Nicht nur dank solcher Details belegt das Museum, wie sehr sich die Schicksale der Menschen ähneln, die im 19. Jahrhundert von Deutschland nach Amerika aufbrachen und die gut 150 Jahre später aus dem Nahen Osten hier ankommen. Zwar hangelt sich die Schau an den jeweiligen Verkehrsmitteln entlang und stellt diesen Billets, Landkarten mit den Reiserouten oder Bauskizzen zur Seite. Die Schau lässt aber seit breit auch die Menschen zu Wort kommen, die flohen, ausreisten, umsiedelten oder aus freien Stücken umzogen. Migranten früherer Jahrhunderte kommen - wie der Donauschwabe Reichard - in Tagebüchern und Briefen zu Wort; jene der jüngeren Vergangenheit per gefilmtem Interview. Dabei wird klar, dass die Motive sich über die Jahrhunderte gleich geblieben sind, sagt Petra Köpping, die Integrationsministerin in Sachsen: »Es ging und geht um Armut und Elend, um Verfolgung und Krieg, aber auch um Aufstiegswillen und Abenteuerlust«. Die SPD-Politikerin fügt an, dass Migration in den Zielländern oft »Motor für Fortschritt und wirtschaftlichen Aufschwung« gewesen sei.

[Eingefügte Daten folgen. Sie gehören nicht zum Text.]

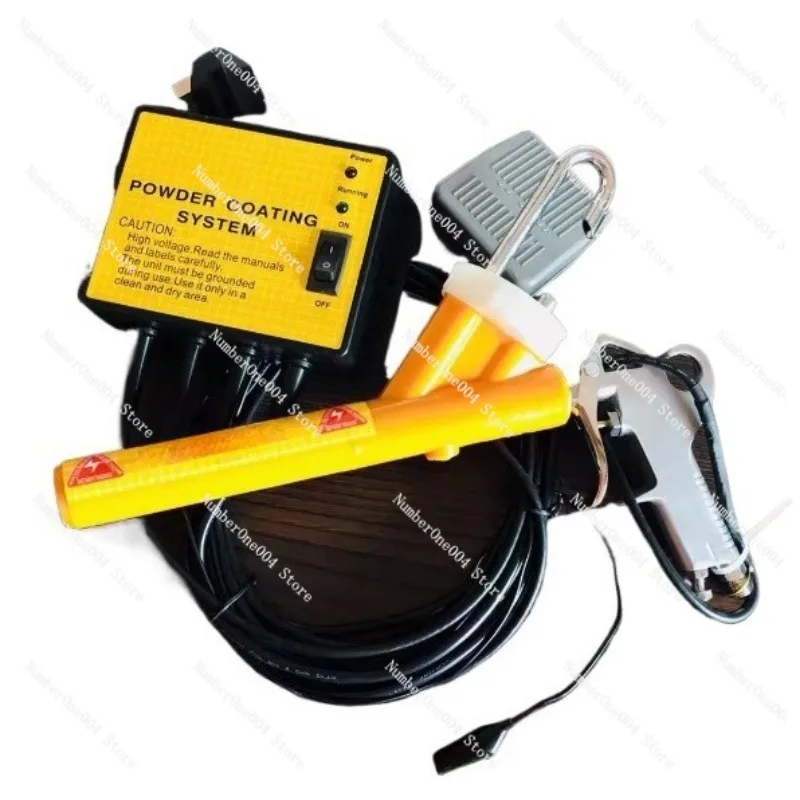 

FOR Small Electrostatic Spraying Machine PC02 Portable Mini Manual Spraying Powder Electrostatic Spraying Machine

Die erste Eisenbahn zwischen Leipzig und Dresden etwa baute mit Friedrich List ein Mann, der aus Württemberg aus politischen Gründen hatte emigrieren müssen und als US-Bürger in die alte Heimat zurückkehrte. Dieses und andere Beispiele zeigen, dass »Arbeitsmigration auch den Aufnahmeländern genutzt hat«, sagt Köpping. Es ist eine Botschaft, die in der Hauptstadt der Pegida-Bewegung nicht oft genug wiederholt werden kann.